- PySpark is the Python library for Apache Spark. It provides an interface to work with Spark using Python. PySpark allows you to leverage the capabilities of Spark for distributed data processing while writing your code in Python, a popular and versatile programming language.
- It includes various libraries and modules that facilitate working with distributed data and performing tasks like data manipulation, analysis, and machine learning at scale.
- PySpark supports the distributed processing of data across a cluster of computers, making it well-suited for big data and parallel processing tasks.
- It provides an easy-to-use API for data processing tasks and integrates with other Python libraries, making it a valuable tool for data scientists and engineers.
- Spark SQL is a component of Apache Spark that provides a programming interface to work with structured and semi-structured data using SQL queries. It allows you to query structured data in Spark programs.
- Spark SQL extends Spark's capabilities to work with structured data formats like Parquet, Avro, ORC, and JSON, as well as to connect to various data sources, including Hive, HBase, and relational databases.

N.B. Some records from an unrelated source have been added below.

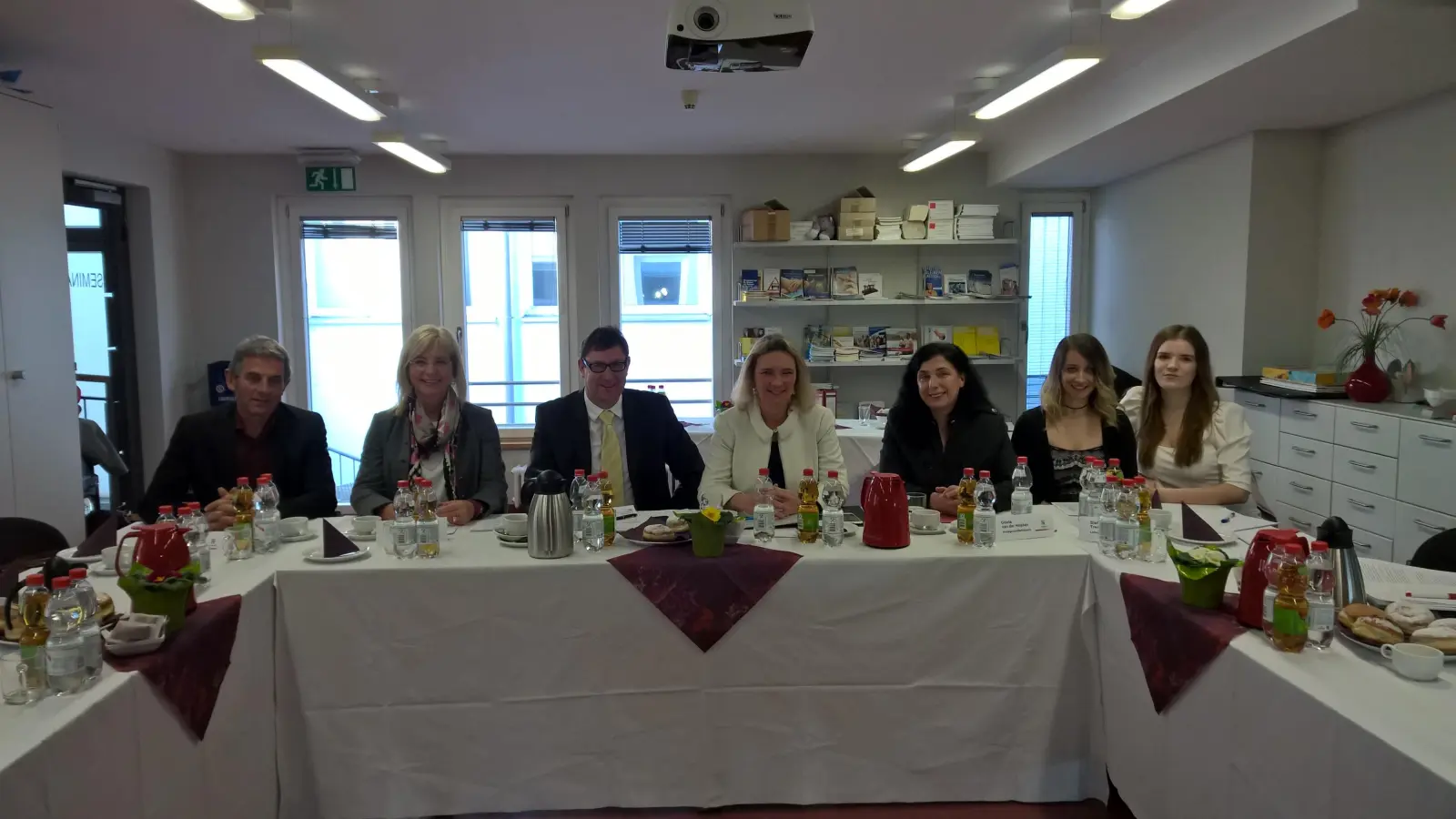 Staatsministerin Kerstin Schreyer (4. v. li.) sah sich die Arbeit im Frauenhaus an und informierte sich im Anschluss in persönlichen Gesprächen mit Landrat Martin Bayerstorfer (3. v. li.) und Staatsministerin a.D. Ulrike Scharf, MdL (2. v. li.) und der Hausleitung über die Situation. (Foto: VA)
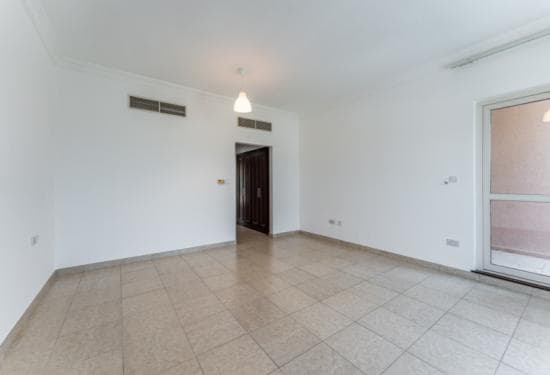 5 Bedroom Villa For Rent Al Thamam 35 Lp36218 1dd2971a37240e00.jpg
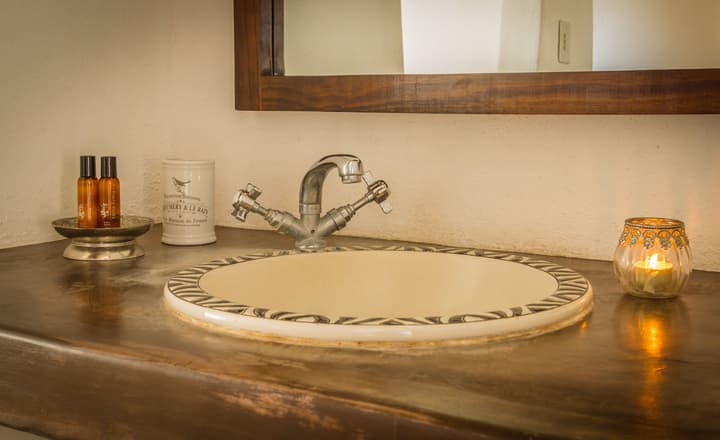 Mbizi Bush Lodge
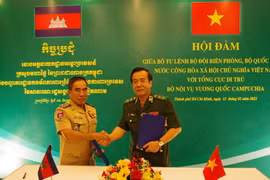 Trung tướng Lê Đức Thái (phải), Tư lệnh Bộ đội Biên phòng, Bộ Quốc phòng Việt Nam và Đại tướng Kirth Chantharith (trái), Tổng cục trưởng Tổng cục Di trú Bộ Nội vụ Campuchia chủ trì hội đàm. (Ảnh: TTXVN phát)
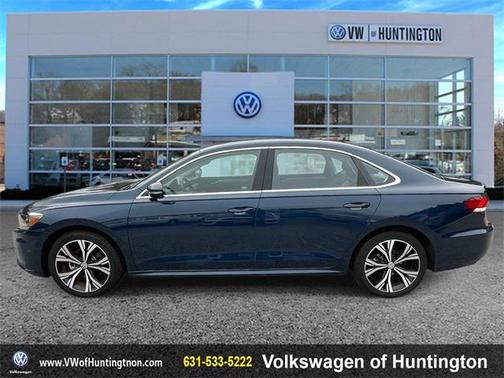 2022 Volkswagen Passat 2.0T SE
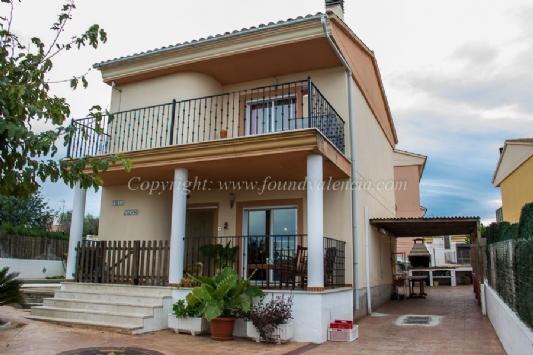 3 Dormitorio Chalet En Venta en Turis, Valencia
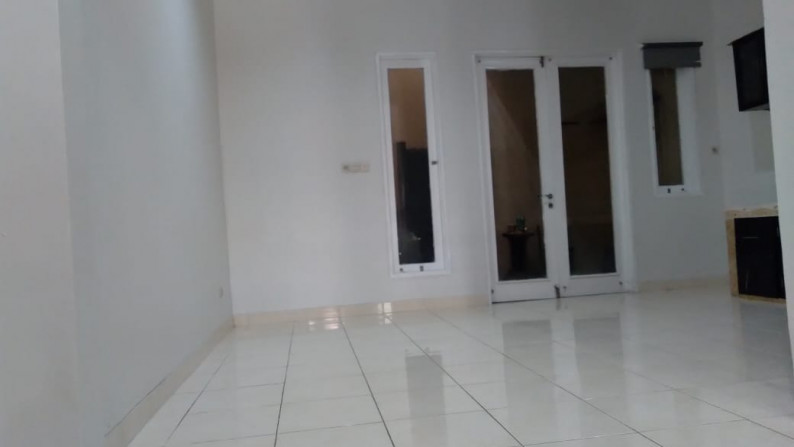 Rumah Bagus Di Cluster Valencia, Graha Bintaro Jaya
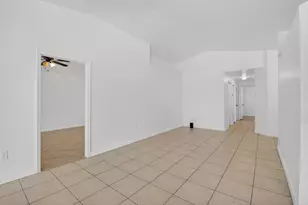 1430 Red Apple Ln, West Palm Beach, FL 33415 - Photo 11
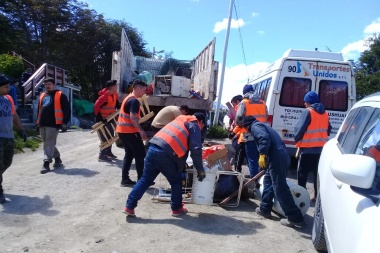 Personal de Medio Ambiente municipal realiza limpieza en Ushuaia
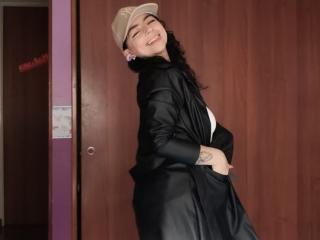 AnntonellaWatson Webcam Porno Live - Photo 21/21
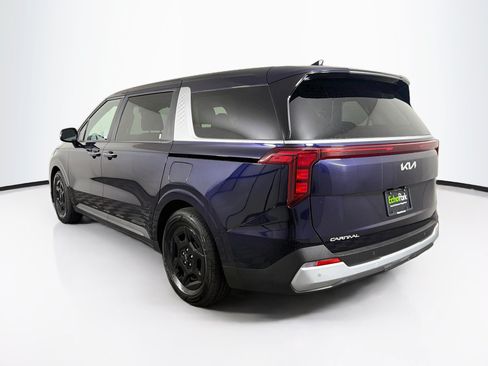 Used 2025 Kia Carnival FWD image 5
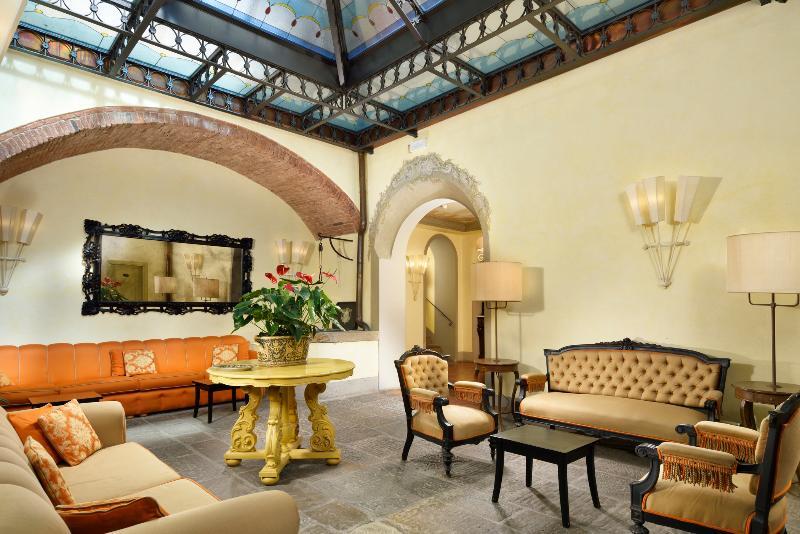 Unahotels Palazzo Mannaioni Toscana モンタイオーネ エクステリア 写真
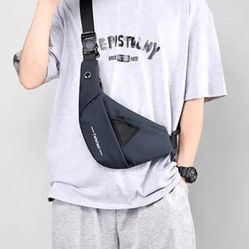Black Sm/md Slim Sling Backpack with Multiple Inner & Outlet Zipper Pockets $20 BRAND NEW LAST ONE 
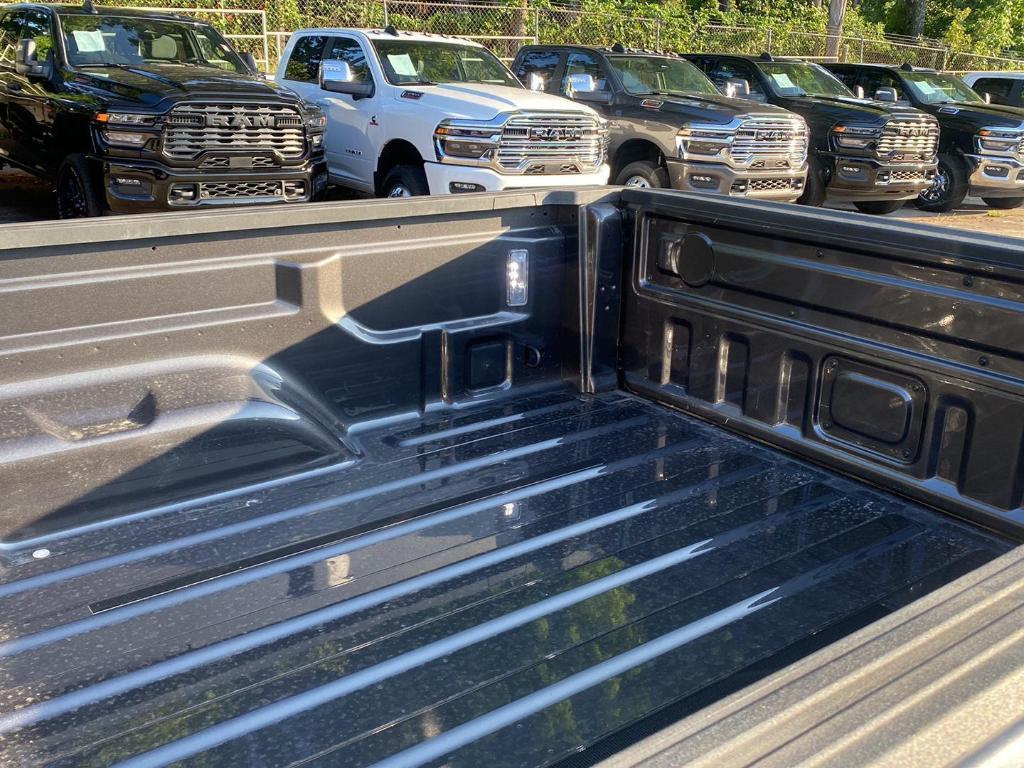 used 2022 Jeep Gladiator car, priced at $33,000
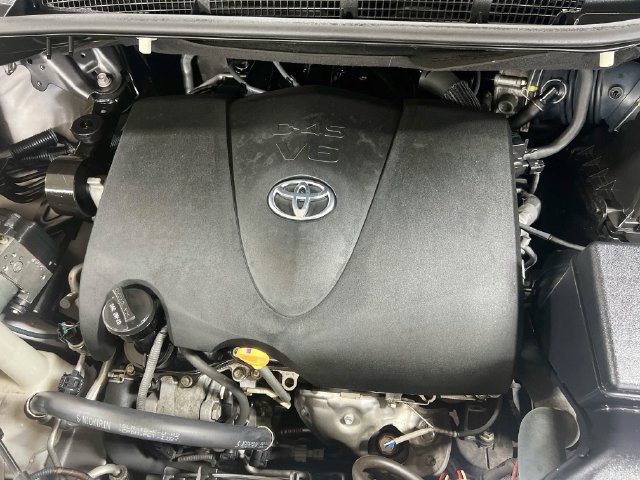Used 2018 Toyota Sienna XLE w/ XLE Navigation Package FWD image 33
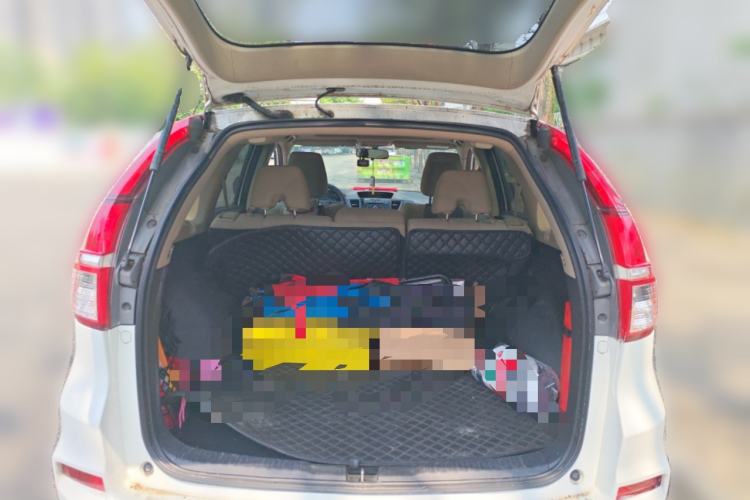 Used Honda CR-V 2015 2.0L two-wheel drive Fashion Edition Trunk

- It introduces a DataFrame API, which is similar to working with tables in a relational database. DataFrames are distributed collections of data organized into named columns, which makes them suitable for both data exploration and querying.
- With Spark SQL, you can seamlessly mix SQL queries with your PySpark or Scala code, enabling complex data processing and analysis tasks using both SQL and programmatic approaches.
- Spark SQL optimizes query execution by pushing down query processing to the underlying storage and minimizing data movement across the cluster. This makes it an efficient choice for working with large datasets.
In summary, PySpark is the Python library for Apache Spark, which allows you to write Spark applications in Python. Spark SQL is a part of Apache Spark that facilitates working with structured data using SQL queries and DataFrames, making it easier to process, analyze, and query structured data within the Spark framework. Both PySpark and Spark SQL are valuable tools in the big data and data analytics domain.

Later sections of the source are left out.